An Iranian inventor has registered a patent for a "time traveling machine" with Iran's state-run Center for Strategic Inventions, but is hesitant to mass produce it for fear the Chinese will steal his design.
The inventor claims his invention will not take people to the future, but bring the future to them. According to an Persian news article translated by The Telegraph, the device's creator Ali Razeghi, a 27-year-old serial inventor with 179 patents under his name, says the machine can predict the details of the user's life for the next five to eight years with 98 percent accuracy.
He suspects the device will be of use to the Iranian government to predict possible military confrontations and forecast the fluctuation of currencies and oil prices.

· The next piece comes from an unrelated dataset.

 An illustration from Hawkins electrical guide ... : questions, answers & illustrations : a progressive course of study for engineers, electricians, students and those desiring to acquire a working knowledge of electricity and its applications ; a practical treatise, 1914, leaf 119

There was apparently no mention of the device's ability to predict more concrete occurrences such as earthquakes, which might have been useful earlier this week when Iran's southwest was rattled by a 6.3-magnitude quake that killed at least 40 and injured 1,000.
Razeghi reportedly said American are trying create a similar invention, but have failed to do so at production costs as low as his. However, despite the apparent affordability of the invention, there is hesitation to mass-produce the device.
"The reason that we are not launching our prototype at this stage is that the Chinese will steal the idea and produce it in millions overnight," Razeghi said.
Naturally, Razeghi's claims of inventing a time machine are being treated skeptically. Iran has a history of faking technological achievements and being secretive of its existing technology. According to Reuters, Iran's only nuclear power station does not belong to the international Convention on Nuclear Safety forum.